This approach can be used to simply specify a particular device as well. For example, setting `MACHINE_LEARNING_DEVICE_IDS=1` will ensure device 1 is always used instead of device 0.
Note that you should increase job concurrencies to increase overall utilization and more effectively distribute work across multiple GPUs. Additionally, each GPU must be able to load all models. It is not possible to distribute a single model to multiple GPUs that individually have insufficient VRAM, or to delegate a specific model to one GPU.
- Wider model support (including for search, which ARM NN does not accelerate)
- Less heat generation
- Very slightly lower accuracy (RKNPU always uses FP16, while ARM NN by default uses higher precision FP32 unless `MACHINE_LEARNING_ANN_FP16_TURBO` is enabled)

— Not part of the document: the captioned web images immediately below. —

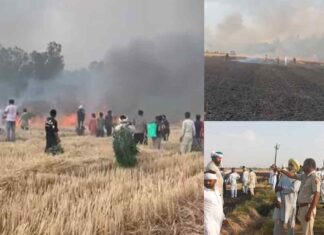 जाखल में 45 एकड़ गेंहू की खड़ी फसल जलकर राख Jakhal News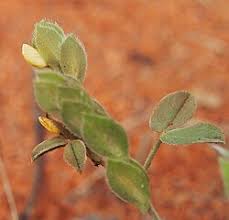 Image result for Zornia punctatissima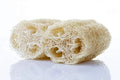 Sponge Gourd Seeds - 20 Seeds - Luffa Gourd, Easy to Grow Exotic Vegetable, Organic Gardening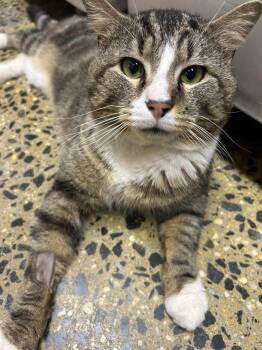 Domestic Short Hair Cats Available for Adoption in Long Beach, New York - Luigi | PetCurious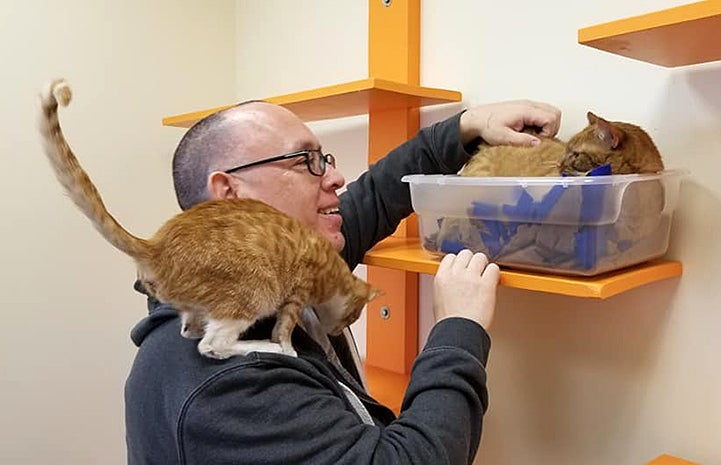David Tow reaching up to pet Hobbes the orange tabby cat while another cat is on his shoulder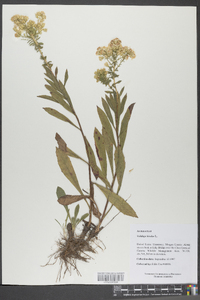 Solidago bicolor image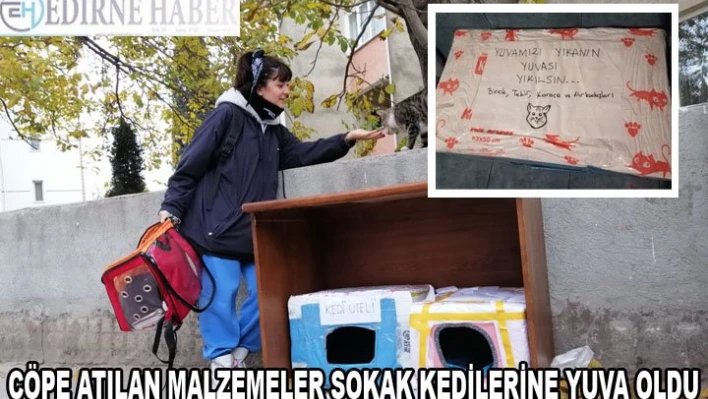 ÇÖPE ATILAN MALZEMELER SOKAK KEDİLERİNE YUVA OLDU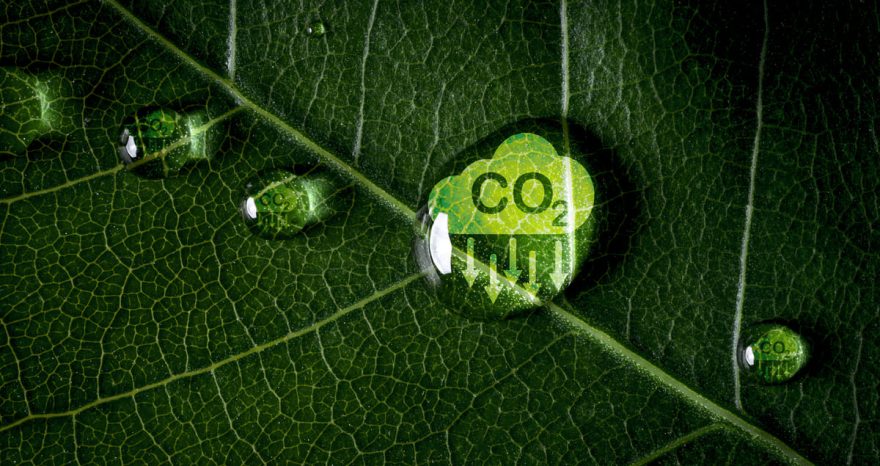 Rinnovabili • Crediti di carbonio per emissioni Scope 3: le nuove linee guida VCMI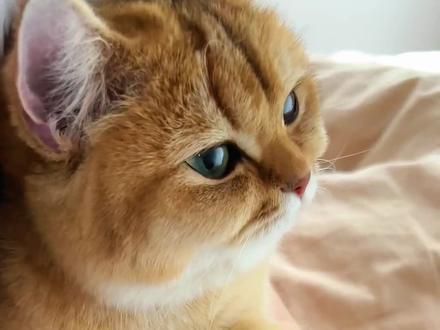 猫咪发出咕噜的声音是想表达什么？ #猫 #猫咪 #猫咪的迷惑行为 #科普 #科普一下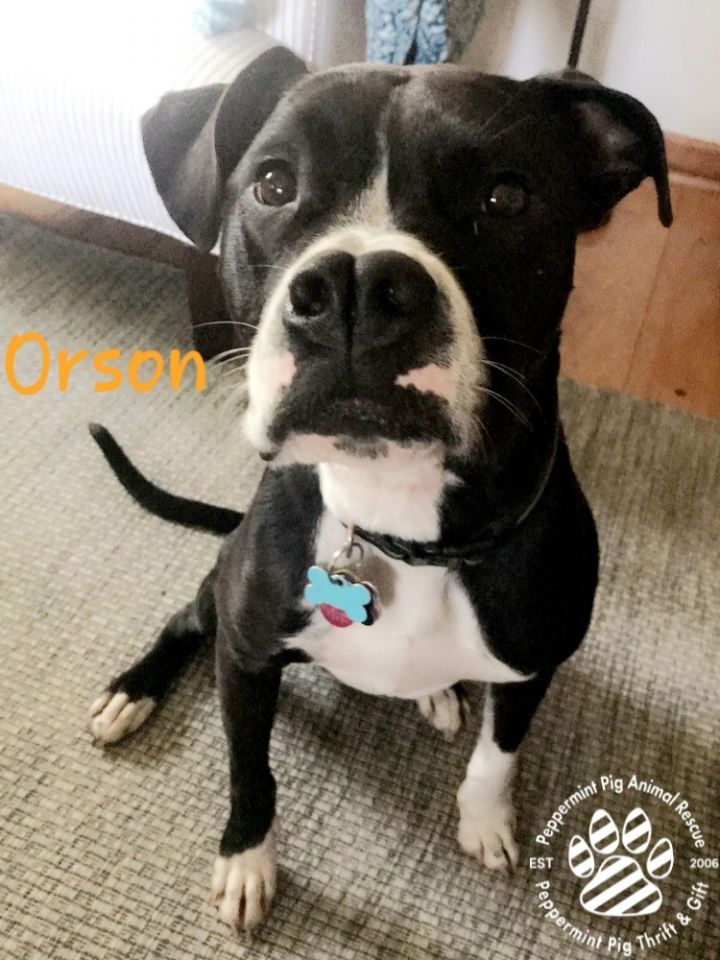 Orson 2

- Varying speed (tested on RK3588):
- If `MACHINE_LEARNING_RKNN_THREADS` is at the default of 1, RKNPU will have substantially lower throughput for ML jobs than ARM NN in most cases, but similar latency (such as when searching)
- If `MACHINE_LEARNING_RKNN_THREADS` is set to 3, it will be somewhat faster than ARM NN at FP32, but somewhat slower than ARM NN if `MACHINE_LEARNING_ANN_FP16_TURBO` is enabled
- When other tasks also use the GPU (like transcoding), RKNPU has a significant advantage over ARM NN as it uses the otherwise idle NPU instead of competing for GPU usage
- Lower RAM usage if `MACHINE_LEARNING_RKNN_THREADS` is at the default of 1, but significantly higher if greater than 1 (which is necessary for it to fully utilize the NPU and hence be comparable in speed to ARM NN)